A partir de esta plataforma, los separatistas pueden libremente dibujar proyectos que se correspondan con su horizonte máximo, es decir, la independencia, bajo la forma que sea materialmente factible. Conviene tener en cuenta que, en su plano, no existe sólo un vector, esto es, el de las “naciones” que se independizan de España, sino que ese vector corre al encuentro de otro: el de la Europa que va absorbiendo competencias de los viejos Estados nacionales. El horizonte real en el que están pensando Carod, Pujol, Ibarretxe o Quintana no es el de unas naciones emancipadas al estilo del siglo XIX –eso sólo lo piensan las minorías radicales, esos descerebrados que, sin embargo, tanto ayudan en el camino-, sino que el dibujo se ajustaría más bien al de unas naciones de independencia formal en el seno de una Europa confederal con soberanías compartidas.
Un horizonte con dos vectores
El encuentro de estos dos vectores es letal para España. El vector de la integración continental ya nos ha privado de soberanía sobre nuestra moneda, sobre las grandes líneas de nuestra política financiera y arancelaria, sobre competencias muy concretas en el plano energético e industrial. En un proceso concomitante, nuestra política de defensa ya no es nuestra y nuestra política exterior, en sus rasgos fundamentales, tampoco.
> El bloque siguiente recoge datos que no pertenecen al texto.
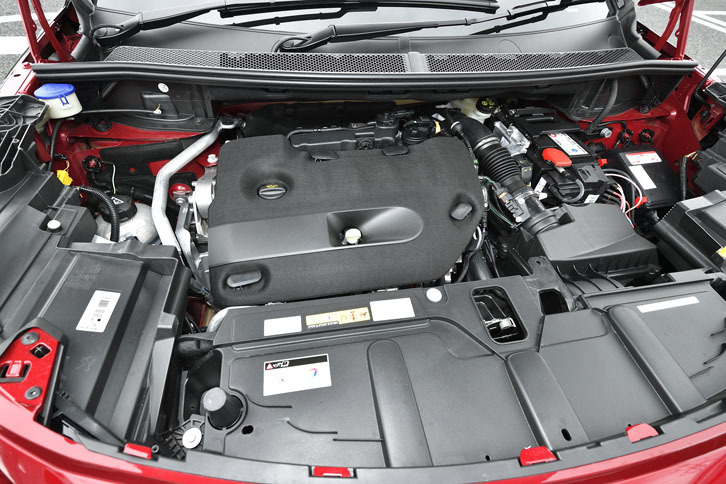 2リッター直4ディーゼルターボエンジンは180psと400Nmを生み出す。JC08モード燃費は18.7km/リッター。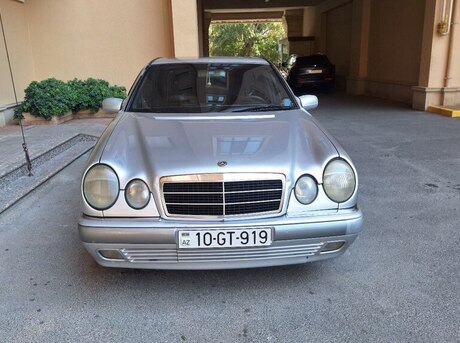 Mercedes E 240 1997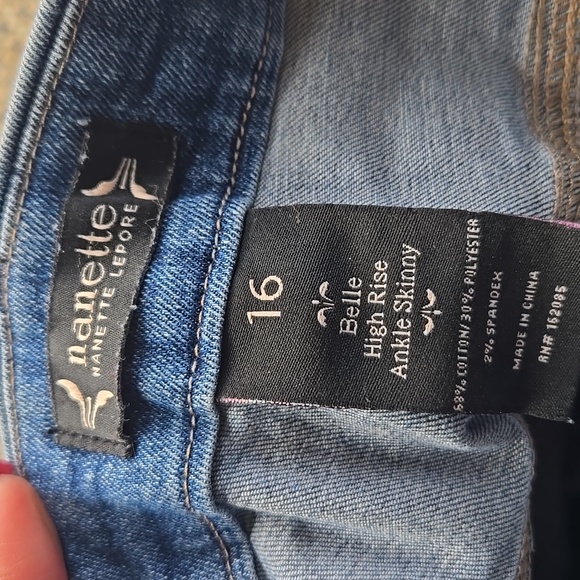 Classic Blue Women's High Rise Skinny Jeans Size 16 - Picture 4 of 11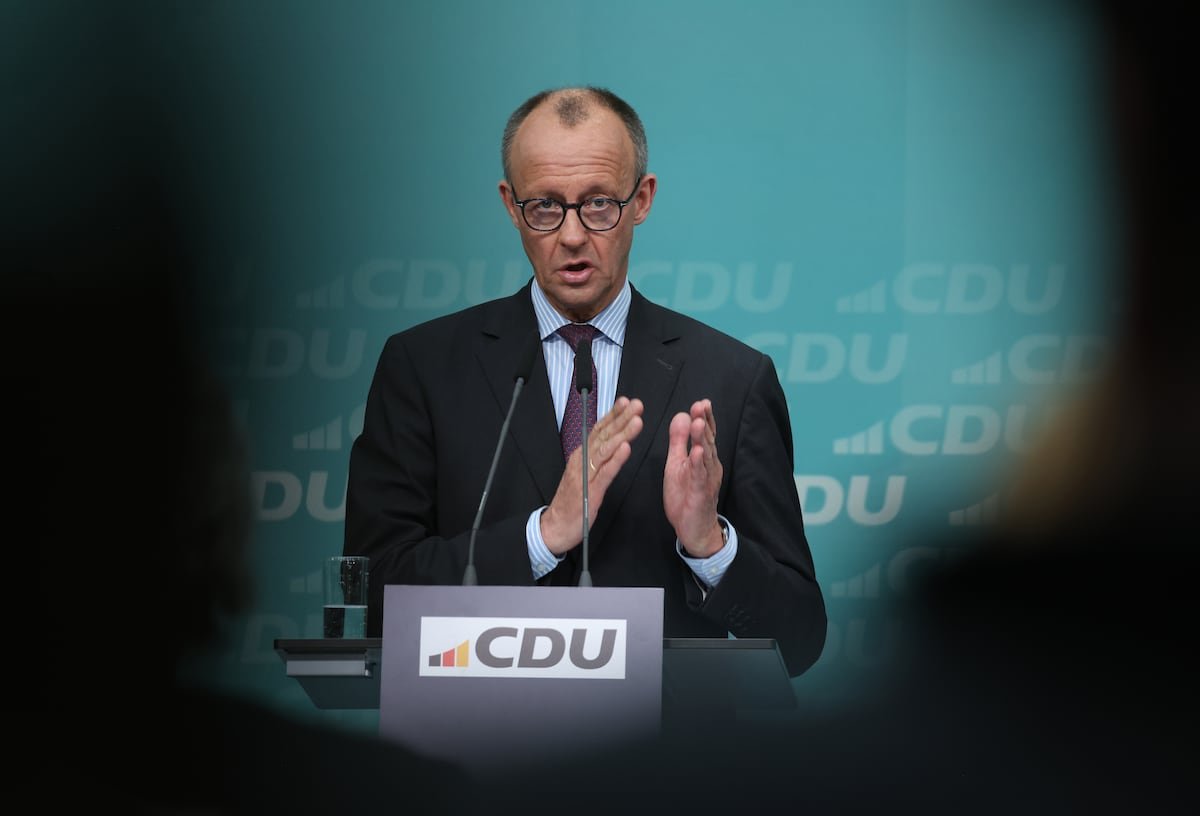 Conservadores y socialdemócratas alemanes pactan relajar el freno de la deuda para permitir inversiones en defensa | Internacional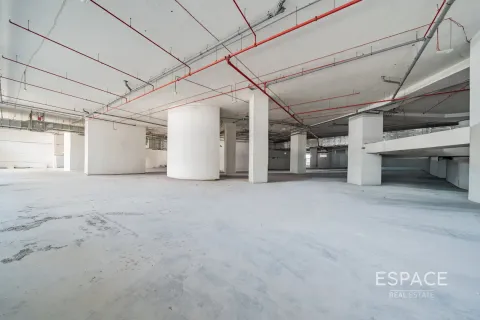 Business Bay, Dubai, UAE의 임대용 사무실 5939제곱미터 번호 661173 - 사진 3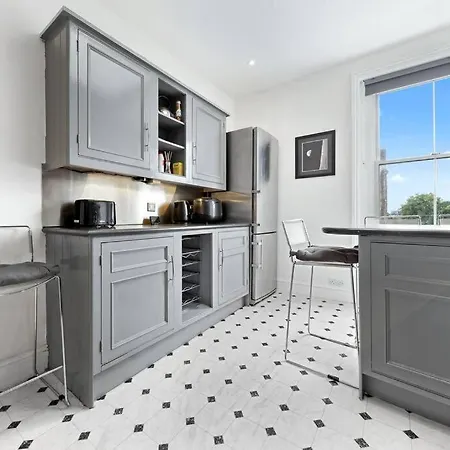 Apartment Spacious Sleep 11 With Terrace In Earls Court Ec99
Visto desde la perspectiva de un separatista vasco o catalán, este camino sólo significa una cosa: que el poder de su enemigo, esto es, España, se ha debilitado de manera extraordinaria.
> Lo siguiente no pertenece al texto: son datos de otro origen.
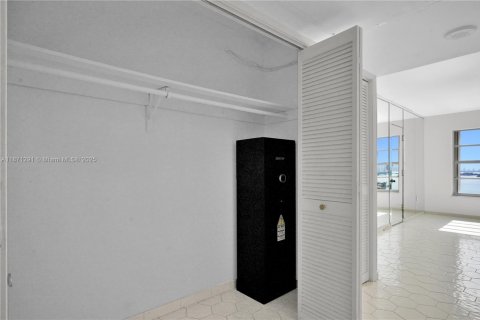 Condominio en venta en Miami, Florida, 2 dormitorios, 126.16 m2 № 1979539 - foto 15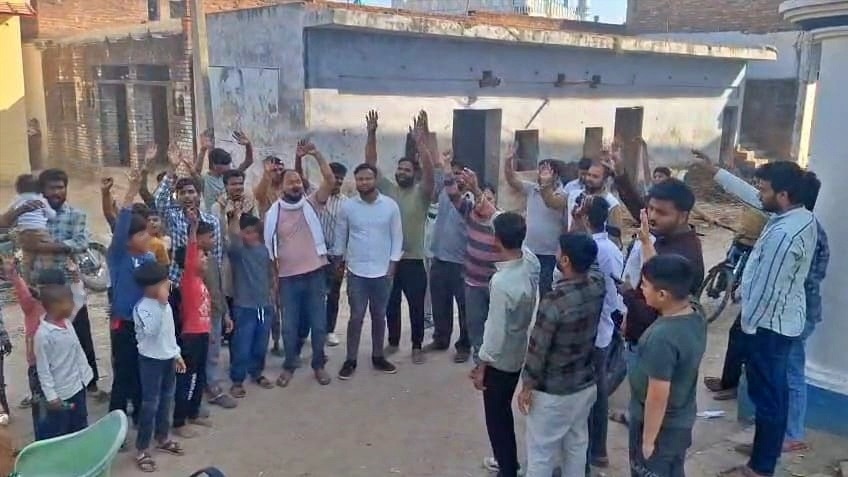 अमेठी के भनौली गांव में प्रदर्शन (Photo- ITG)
Fijemos ahora la atención en el otro vector, el de la descomposición nacional: el Estado transfiere a sus regiones competencias amplísimas en educación, sanidad, agricultura, turismo, orden público, cultura, comunicación… Sólo quedan cuatro grandes parcelas donde el Estado aún puede hacer valer su peso: la recaudación fiscal (el Tesoro), la Justicia, las grandes obras de infraestructuras y la caja de la seguridad social. Es aquí, en estas parcelas, donde concentran ahora sus aspiraciones los separatistas. Ganadas éstas, ¿qué peso real tendría ya el Estado frente a sus regiones? Realmente, ninguno. Y las regiones, convertidas en naciones por un referéndum de autodeterminación, podrían perfectamente entenderse con una superestructura europea cada vez más definida.
Este es el marco del gran plan. En ese mañana piensan quienes hoy hablan de referendos de autodeterminación. Nunca serán propiamente soberanos, ni lo pretenden; lo que pretenden es ser independientes de España, su tabú, tótem maléfico, aunque sea para depender de Bruselas. España podría impedirlo. Para ello tendría que presionar sobre los dos vectores: limitar el proceso de integración continental hasta donde sea posible, limitar el proceso de desintegración nacional hasta donde sea imprescindible. Hay sobrados instrumentos jurídico-políticos para hacerlo. Pero no sirven de nada si no hay voluntad política para aplicarlos. El actual Gobierno de España ya ha mostrado sus cartas: está dispuesto a acelerar el desmoronamiento a cambio de perpetuar la hegemonía de su partido. Ahora sería preciso que los ciudadanos de España hablaran. ¿Lo harán? Esa será la verdadera prueba de fuego.